Feedly is Now Hijacking Shared Links And Cutting Out Original Publishers - mwilcox
http://www.the-digital-reader.com/2013/12/07/feedlys-sharing-options-now-direct-shared-articles-servers-cuts-original-publishers

======
conesus
On [http://newsblur.com](http://newsblur.com) users have two options for
sharing links. They can either use a Send To feature, which uses the story's
original URL, and hook it up to any number of third party services like
Twitter, Facebook, Evernote, Tumblr, Instapaper, etc.

Or they can share to their blurblog, which is a shared stories blog. When
users share links to their blurblog, the tweeted link goes to the user's
blurblog, like so: [http://samuel.newsblur.com/story/family-
feuds/4e65d5](http://samuel.newsblur.com/story/family-feuds/4e65d5). It
includes their commentary and offers a place to reply to the user.
Alternatively, you can turn on a setting that takes you directly to the story.

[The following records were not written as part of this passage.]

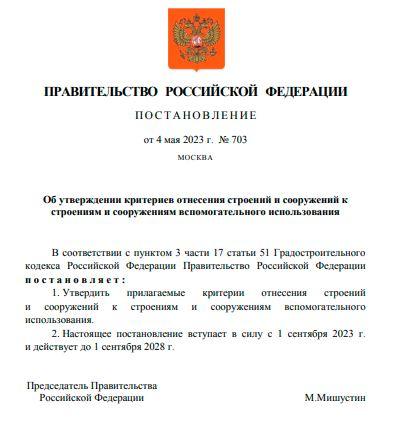 Правительство утвердило критерии, позволяющие определять вспомогательные сооружения и постройки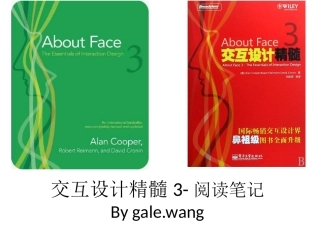 交互设计精髓3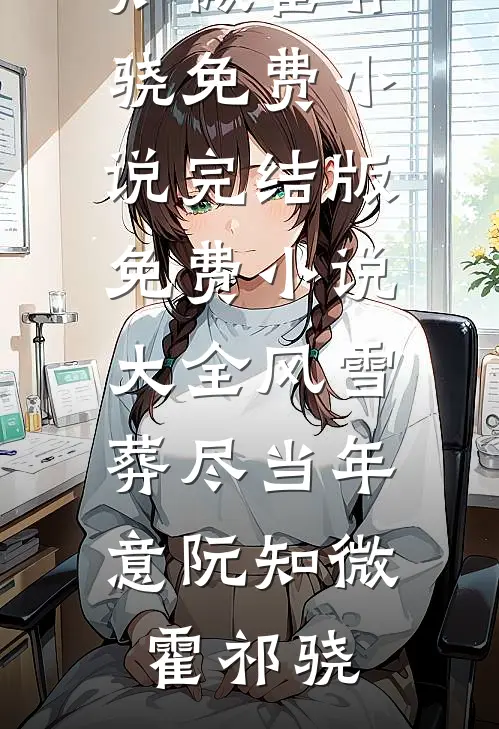 风雪葬尽当年意阮知微霍祁骁免费小说完结版_免费小说大全风雪葬尽当年意阮知微霍祁骁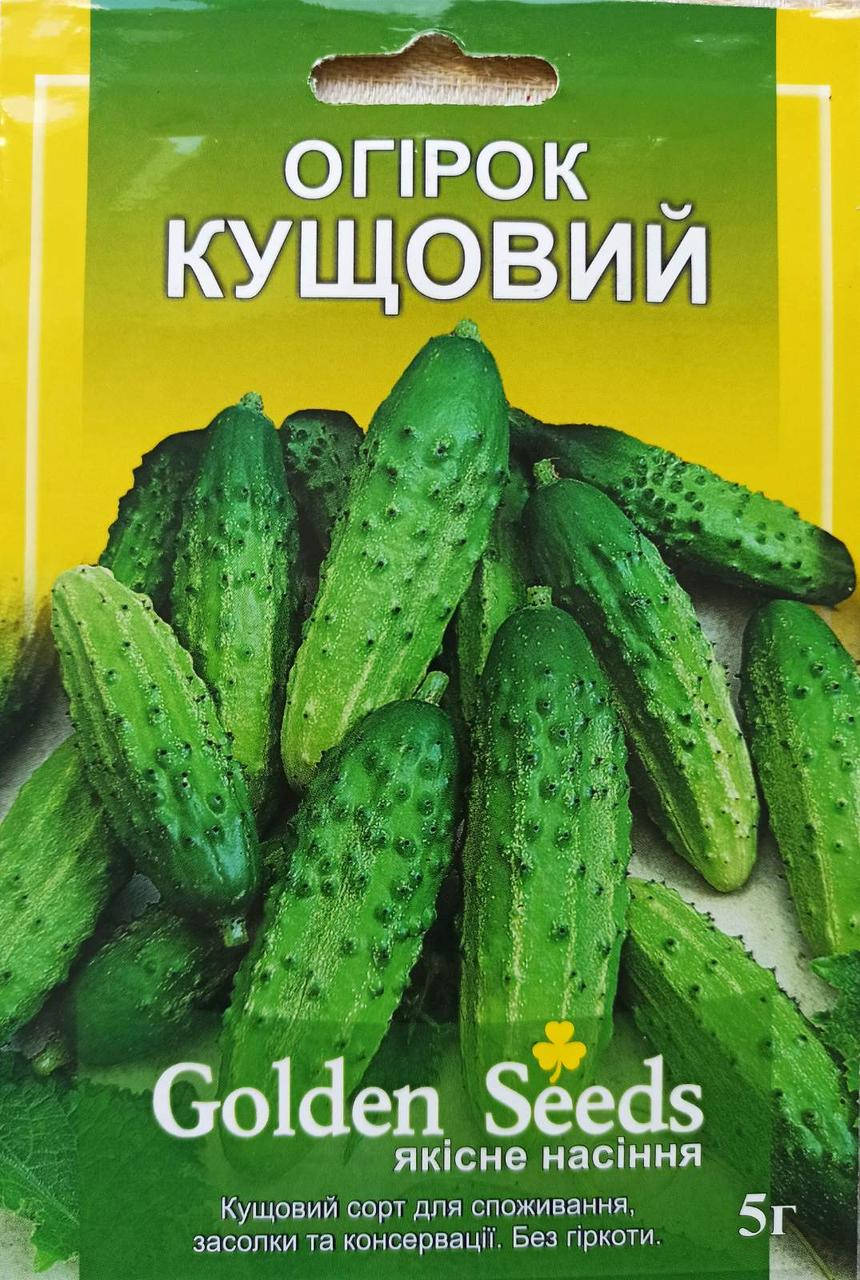 

Семена огурца "Кустовой" 5 г.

I think Feedly's intention here isn't what's best for users, since you don't
have the option to comment on the story and have people reply to you, which
would necessitate its own page. This is more of the Send To feature described
above, and I think it's part of their drive to find additional revenue where
there isn't much.

RSS is not a growing market and I think only independent developers with small
costs will end up alive in a few years. Feedly will either have to evolve and
find a bigger market, or pare down the cost of hosting the majority of Google
Reader expats. And that doesn't square well with taking investment.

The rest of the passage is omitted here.